## [PROVIDED INFORMATION]

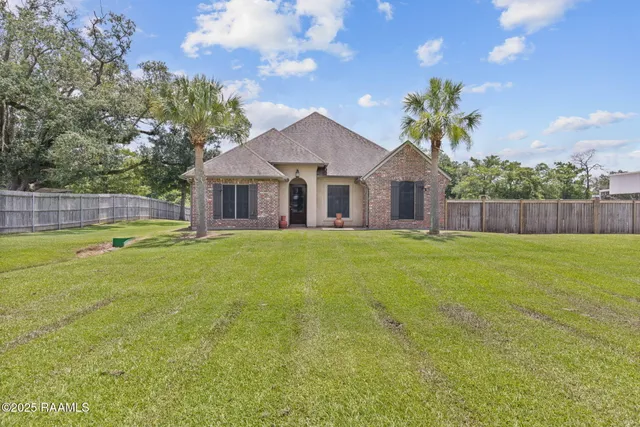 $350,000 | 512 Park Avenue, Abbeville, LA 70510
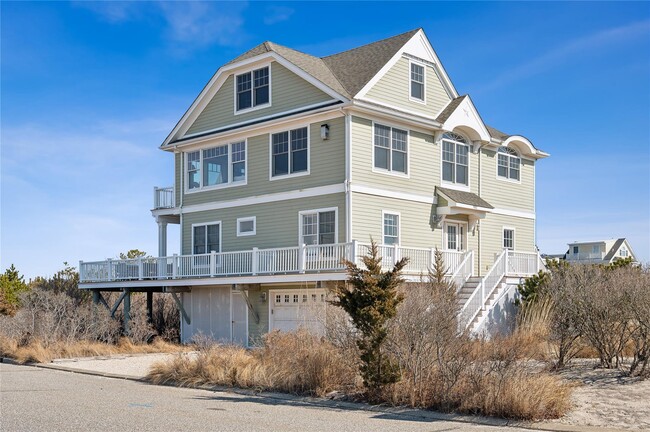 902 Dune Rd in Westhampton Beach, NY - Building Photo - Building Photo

==

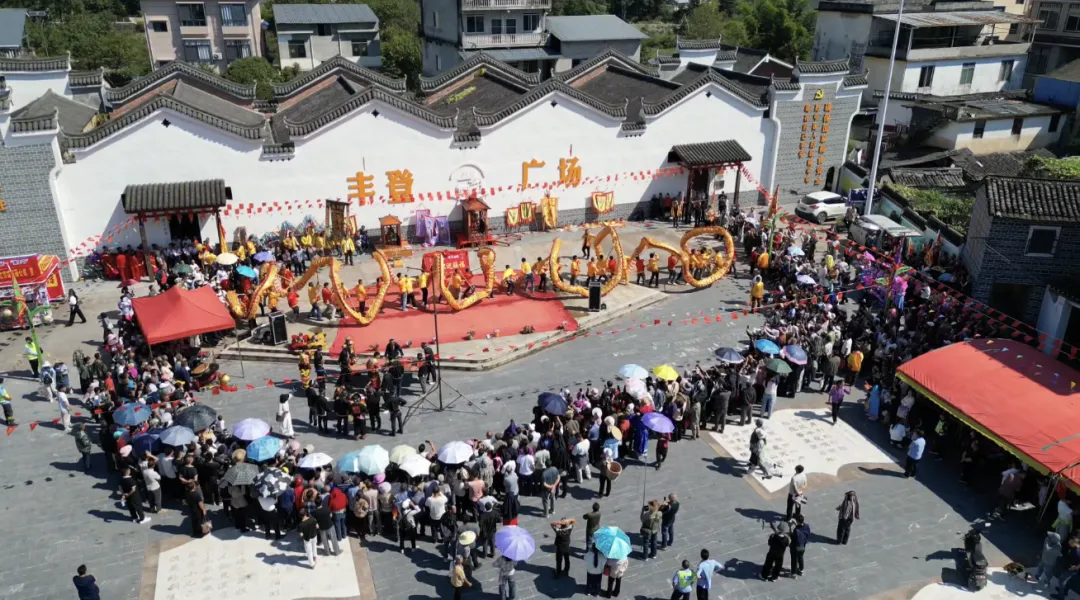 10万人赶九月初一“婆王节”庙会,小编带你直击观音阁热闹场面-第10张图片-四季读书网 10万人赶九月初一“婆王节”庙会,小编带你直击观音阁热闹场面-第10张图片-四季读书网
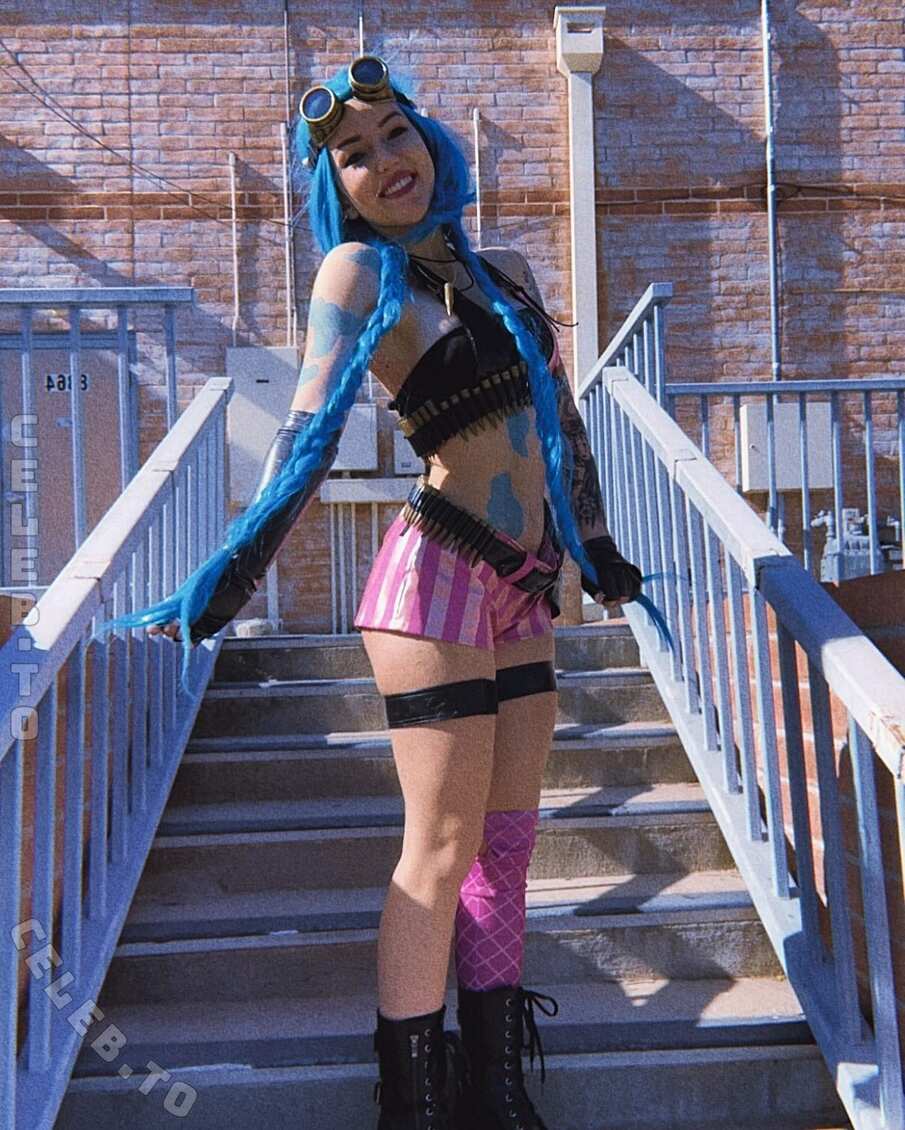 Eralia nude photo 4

## [WHAT YOU ARE ASKED TO DO]
Transcribe only this stretch of the data: the line with "Abbeville, LA 70510", the line with "902 Dune Rd", and every line in between. Leave out the pictures.

## [YOUR SOLUTION]
 $350,000 | 512 Park Avenue, Abbeville, LA 70510
 902 Dune Rd in Westhampton Beach, NY - Building Photo - Building Photo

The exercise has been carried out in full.